*** Source data ***

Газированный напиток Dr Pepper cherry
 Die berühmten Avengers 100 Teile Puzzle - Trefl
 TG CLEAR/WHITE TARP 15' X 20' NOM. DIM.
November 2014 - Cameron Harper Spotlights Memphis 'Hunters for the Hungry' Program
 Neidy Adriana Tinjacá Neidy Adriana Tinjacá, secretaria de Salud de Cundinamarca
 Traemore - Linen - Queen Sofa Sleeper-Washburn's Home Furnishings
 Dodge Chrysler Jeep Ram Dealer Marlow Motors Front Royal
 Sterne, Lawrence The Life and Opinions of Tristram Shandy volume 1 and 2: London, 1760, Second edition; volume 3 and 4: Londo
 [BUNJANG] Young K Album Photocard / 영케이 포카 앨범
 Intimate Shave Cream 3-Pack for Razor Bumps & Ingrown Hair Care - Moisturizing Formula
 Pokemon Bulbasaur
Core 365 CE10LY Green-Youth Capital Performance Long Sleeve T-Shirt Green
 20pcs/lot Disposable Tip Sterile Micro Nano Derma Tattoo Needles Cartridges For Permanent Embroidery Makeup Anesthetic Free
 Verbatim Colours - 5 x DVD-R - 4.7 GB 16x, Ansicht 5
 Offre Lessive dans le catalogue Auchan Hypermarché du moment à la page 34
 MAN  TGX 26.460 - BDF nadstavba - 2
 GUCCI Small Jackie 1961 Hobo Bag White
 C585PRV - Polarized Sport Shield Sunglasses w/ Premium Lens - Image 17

***

Exercise requirements:
All lines from the start of the entries through the line where "Offre Lessive dans" sits should be duplicated exactly, with nothing else in the output.

Answer for the task:
Газированный напиток Dr Pepper cherry
 Die berühmten Avengers 100 Teile Puzzle - Trefl
 TG CLEAR/WHITE TARP 15' X 20' NOM. DIM.
November 2014 - Cameron Harper Spotlights Memphis 'Hunters for the Hungry' Program
 Neidy Adriana Tinjacá Neidy Adriana Tinjacá, secretaria de Salud de Cundinamarca
 Traemore - Linen - Queen Sofa Sleeper-Washburn's Home Furnishings
 Dodge Chrysler Jeep Ram Dealer Marlow Motors Front Royal
 Sterne, Lawrence The Life and Opinions of Tristram Shandy volume 1 and 2: London, 1760, Second edition; volume 3 and 4: Londo
 [BUNJANG] Young K Album Photocard / 영케이 포카 앨범
 Intimate Shave Cream 3-Pack for Razor Bumps & Ingrown Hair Care - Moisturizing Formula
 Pokemon Bulbasaur
Core 365 CE10LY Green-Youth Capital Performance Long Sleeve T-Shirt Green
 20pcs/lot Disposable Tip Sterile Micro Nano Derma Tattoo Needles Cartridges For Permanent Embroidery Makeup Anesthetic Free
 Verbatim Colours - 5 x DVD-R - 4.7 GB 16x, Ansicht 5
 Offre Lessive dans le catalogue Auchan Hypermarché du moment à la page 34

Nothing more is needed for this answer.